▸ Instructions to follow:
A faithful copy is required: transcribe each line below exactly, minus the pictures.

[Captioned web image data]
Content starts

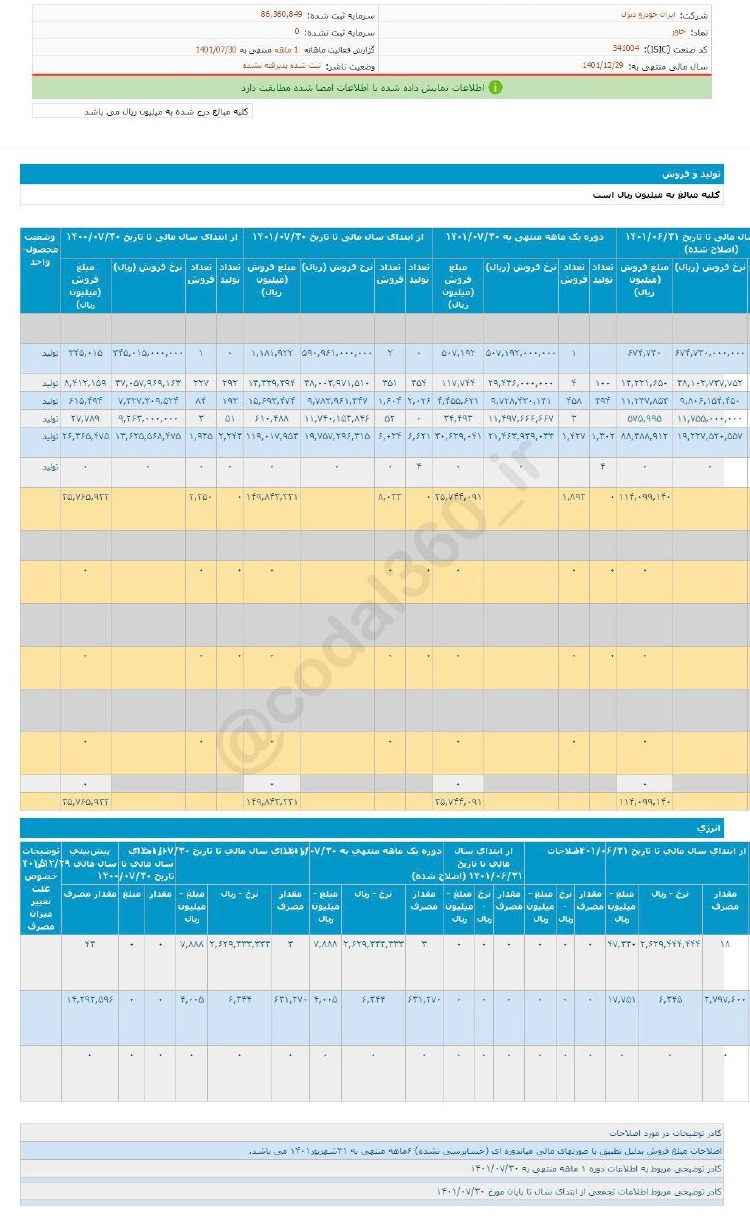 تاخت و تاز خاور در مهر ماه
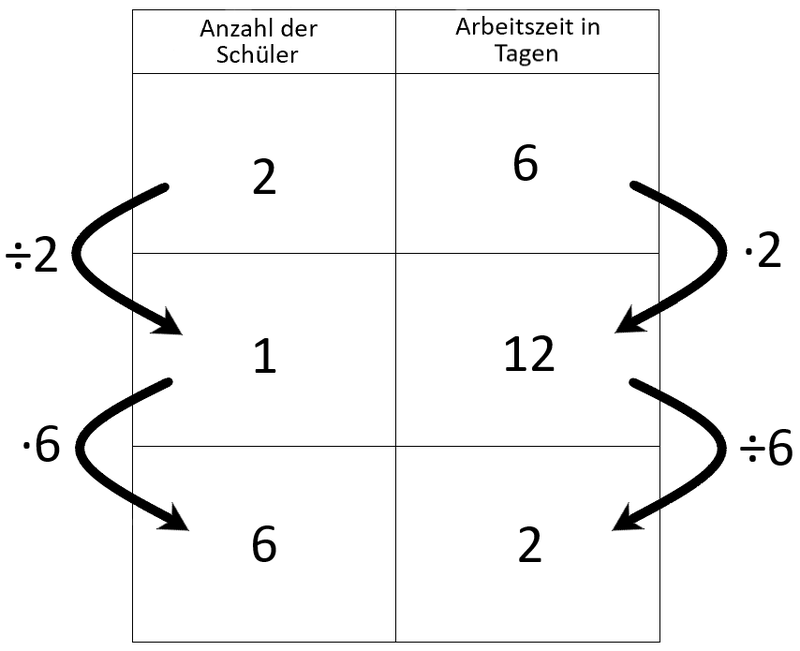 Eine Tabelle mit einem Rechenbeispiel für einen antiproportionalen Zusammenhang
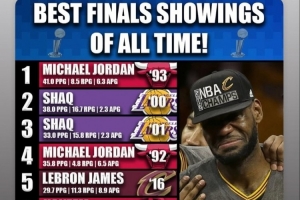 奥尼尔转发Top10单次总决赛表现：乔丹居首 奥尼尔二三 16詹第五
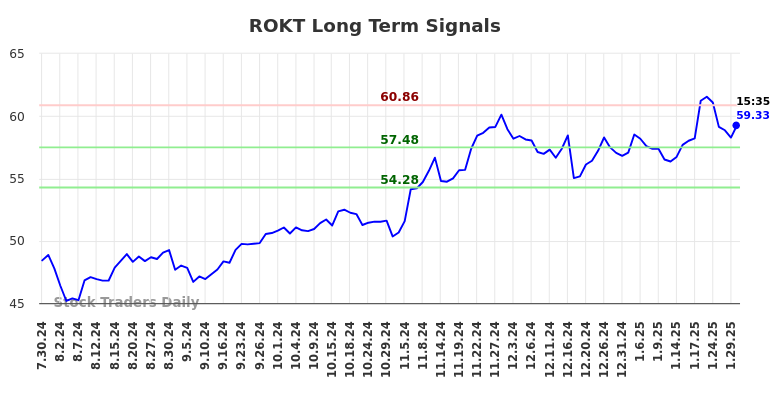 ROKT Long Term Analysis for January 30 2025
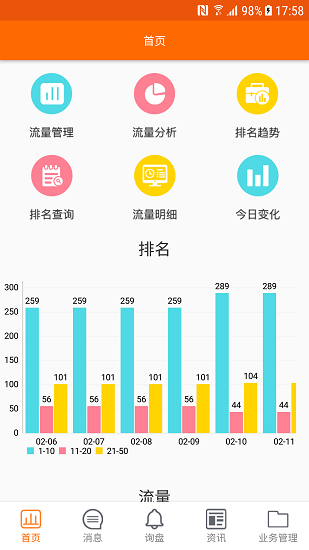 外贸快车 安卓版 功能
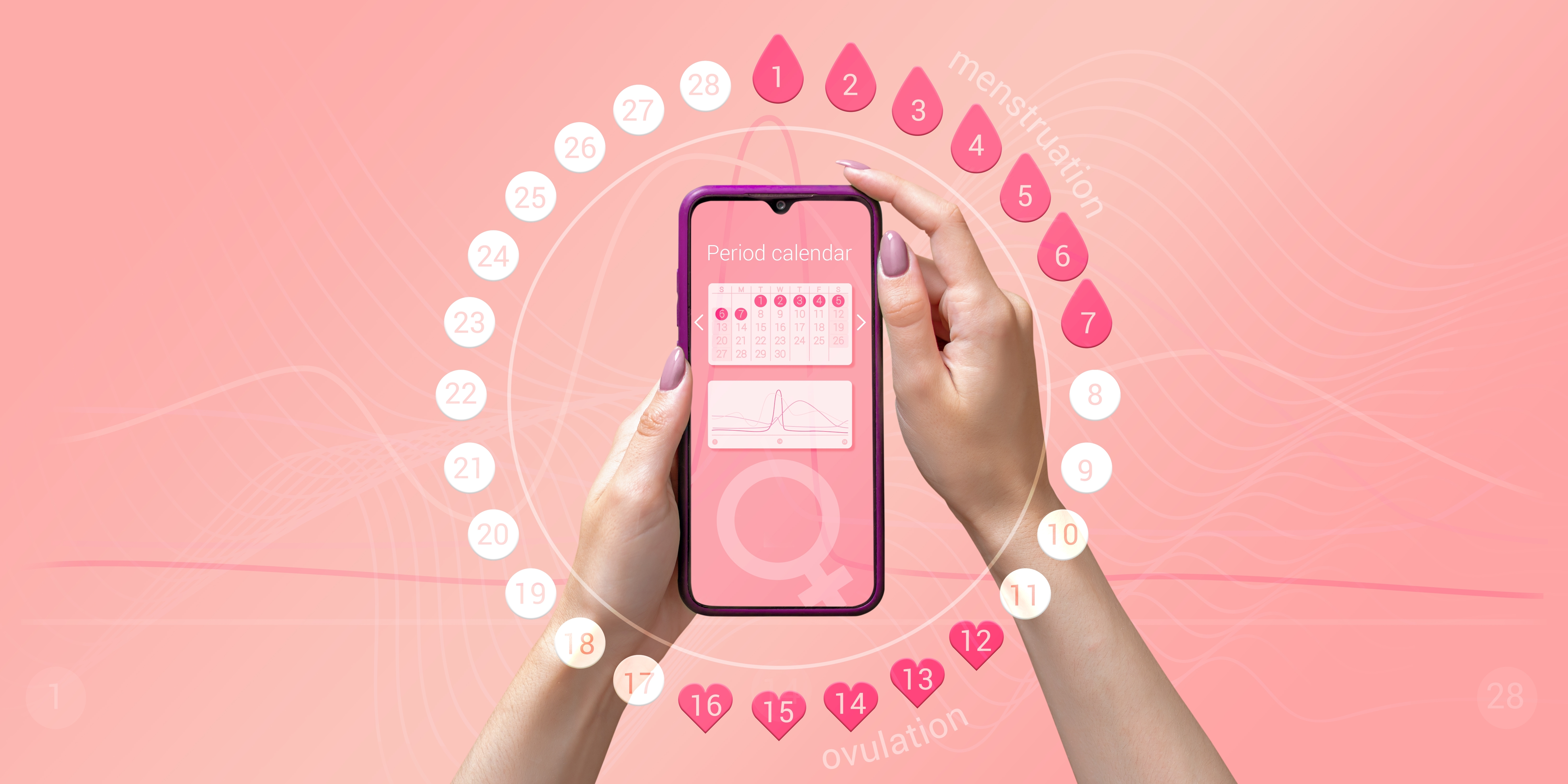 Woman's mobile period cycle tracker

Content ends

▸ Answer box:
 تاخت و تاز خاور در مهر ماه
 Eine Tabelle mit einem Rechenbeispiel für einen antiproportionalen Zusammenhang
 奥尼尔转发Top10单次总决赛表现：乔丹居首 奥尼尔二三 16詹第五
 ROKT Long Term Analysis for January 30 2025
 外贸快车 安卓版 功能
 Woman's mobile period cycle tracker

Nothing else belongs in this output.